A strange thing I discovered is that on some occasions the LAN8720 hangs up and goes into some deadlock loop where CRS_DV is high almost all of the time. It's similar to what I encountered with the first (modified) board. It doesn't react to anything until I power-cycle it. Maybe some loose wire or I slipped off with the scope probe causing a short on some pin. It works reliable though when I don't touch it.
There are two ways. You either CRC the whole packet except the CRC and then check if they are equal, or you CRC all data including the CRC itself and you should get out some magic value that indicates a valid packet.
Some algorithms also XOR the checksum at the very end with ##-1 and some use a complement polynom when your data word is reversed. when i did it, i had to experiment with different values i found on wikipedia to finally make it work.

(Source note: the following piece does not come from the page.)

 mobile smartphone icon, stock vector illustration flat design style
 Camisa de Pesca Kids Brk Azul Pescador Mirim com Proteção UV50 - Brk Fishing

Yes lots of experimentation is needed with CRCs to get them correct. Too many combinations of variables to choose wrong otherwise.
Some earlier work we did on this was posted here https://forums.parallax.com/discussion/comment/1521854/#Comment_1521854
Yes, so true. My head is aching. I thought I have understood everything and having Simonius' code as "cheat sheet" should make it easy. But I get different CRC results for different packets received.
Maybe it has something to do with how the last bytes have to be treated if the packet length is not divisible by 4. I always shift in 32 bits so in this case I have a quarter/half/three quarters full shift register at the end of the packet. Maybe there is something wrong there. I think I'll use Wireshark to see what the PC actually sends out. So I can verify if I see the same length and content.
What I still do not understand: Why do I need to reverse the byte-order when writing to the packet buffer? (see MOVBYTS D,#%00_01_10_11 instruction) Of course, fields longer than one byte like the type field or MAC addresses need to be reversed because the Ethernet uses big-endian format where the P2 uses little-endian. But that should be the task of the higher level protocol. As low-level driver I handle all bytes strictly from lower to higher address. I don't even know what the data fields mean and where they start so I can't interpret them.
Smart pin P_SERIAL_RX and _TX modes shift to the right meaning the LSB is sent and received first. So if I read $44332211 from the smart pin RX shift register it means that the $11 arrived first and it should also be placed into the buffer at the lowest address. This is exactly what happens if I do a WRLONG or WFLONG. Or is there some point I'm missing?
I can't say I've seen where Ethernet has any Endianess other than least-bit-first. I wouldn't be doing any byte swapping.
Yesss!
Oh, I have totally forgotten that this was discussed earlier although I've discovered a post of my own in that thread. I hope we'll finish it successfully, this time.
This is my code:
Interestingly, no byte re-ordering is necessary although there was a MOVBYTS instruction in the code from Simonius. I have cross checked this with Wireshark. I can see the exact same packet content as the PC sends. Example:
Another idea I had was to do packet filtering based on the destination MAC address as soon as it's received. This would probably save some CPU time and power but possibly not much.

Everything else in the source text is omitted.